Auckland is a wonderful gateway city for travelers.  It sits right on the water, and many of its main avenues, like Queen Street, run from the hills on the outskirts of the CBD right down to the harbor's edge.  When the wind is blowing fiercely in Auckland, as it is today, it feels like the whole city might just sail away, along with the hundreds of vessels moored in the harbor.  

  Because so many tourists come into town on boats and cruise ships,  the restaurants, bars and coffeehouses situated at the water's edge, on Custom Street, for example, are packed with tour groups speaking German, French, or U.K.-accented English.  They enter these small shops en masse, temporarily wreaking chaos with dozens of orders, their suitcases and backpacks everywhere...and then, just moments later, their group leader gives the signal, and they are all gone, leaving only tables-full of empty cups, saucers and glasses.  If you're not a tour group member, as we are not, it's like swimming in the ocean...a wave comes in, washes over us, then recedes, leaving us in relative peace and quiet.  

We are here today, the first of a couple of days in Auckland, before we take our flight to Beijing.  We left our home in the Hokianga during a storm with gale-force winds and driving rain, and here, almost five hours by car south, the storm is just as powerful.  No matter, we are officially on our way on a two-month journey that just begins in Beijing, and I confess to being excited... in fact, wicked excited.  

Today, wet and chilled from the storm, it's easy to remember our biking trip through the Connemara, in Ireland, several years ago.  We were there for about two weeks, and it rained, sometimes gently and more often rather violently, for all but three days.  There were times the winds off the waters, as we biked along the coastal roads, were so powerful that it was a challenge just to stay upright on the bike, let alone to make any progress.  Several times, we were forced to give up the struggle, and call for a taxi to pick us up and drive us to our hotel for the night.  After a good meal and a rest, we would get going the next morning, in the rain, once again.  

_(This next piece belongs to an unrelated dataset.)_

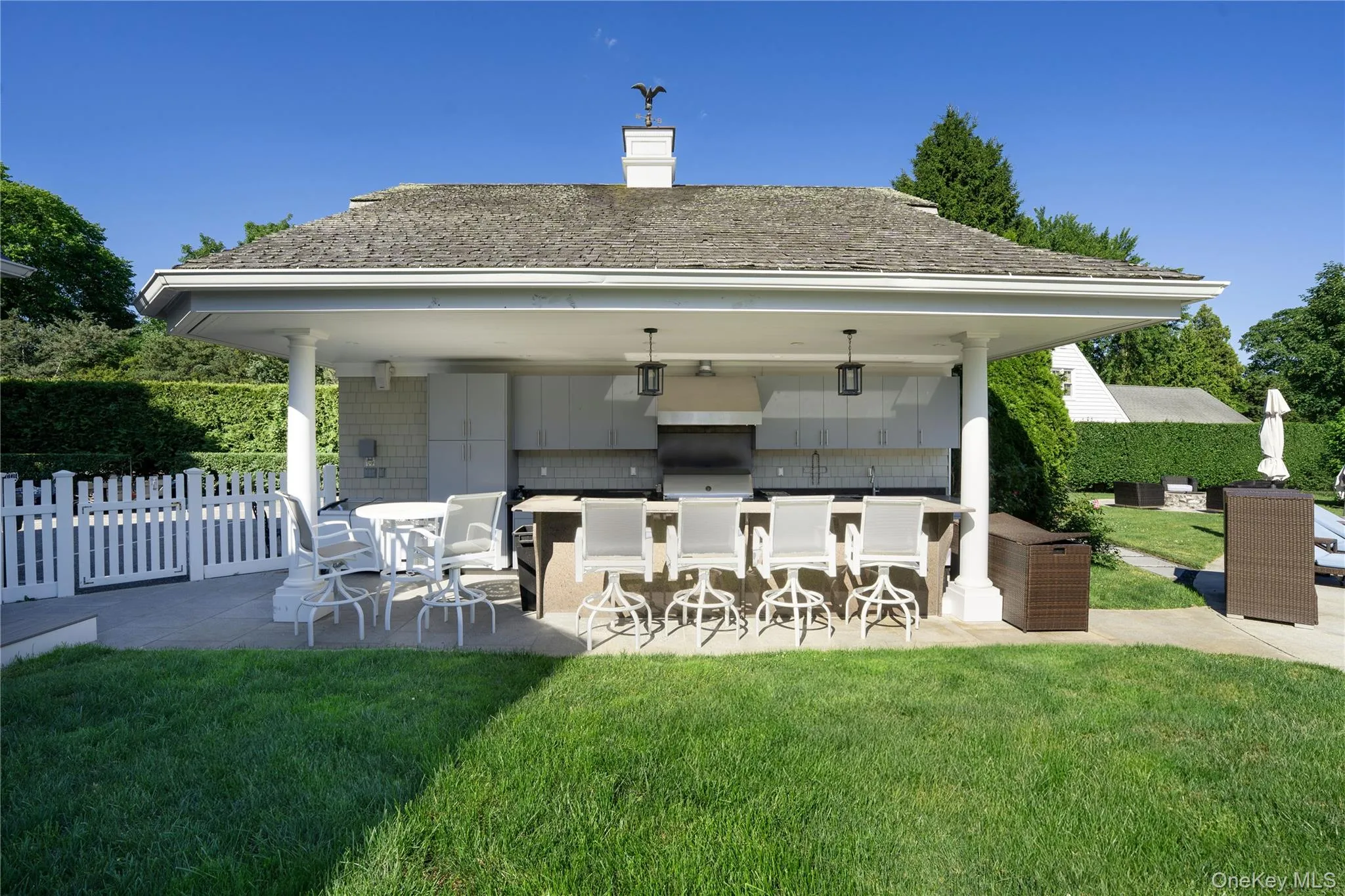 275 Main Street, Southampton, NY, 7 Bedrooms Bedrooms, 11 Rooms Rooms,5 BathroomsBathrooms,Residential Lease,For Rent,Main,0,KEY1019115 275 Main Street, Southampton, NY, 7 Bedrooms Bedrooms, 11 Rooms Rooms,5 BathroomsBathrooms,Residential Lease,For Rent,Main,0,KEY1019115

For our China trip, we will have a back-up vehicle, so we won't have to call for a cab...he will be there, behind us by no more than an hour or so, most likely smoking  hacking, and spitting, to pass the (for him) boring days waiting for us to reach our biking limits, so he can pick us up and take us to our evening's destination, where dinner and a stiff drink of the local liquor await all of us.  But what makes it easy to remember Ireland today is that the challenge of these months of biking is largely unknown at this time, as we've never biked in Northern China before.  Will the trials come from the air pollution and haze, or from steep mountain roads, or hot and dusty deserts?  Tali has just told me that the worst sandstorm in nine years has just hit Lanzhou, Xinjiang Province, which is directly on our route, destroying over five hundred houses.  So  I know it won't be easy, however the conditions are when we arrive there,  and I just hope that I will be able to participate joyously in the task at hand.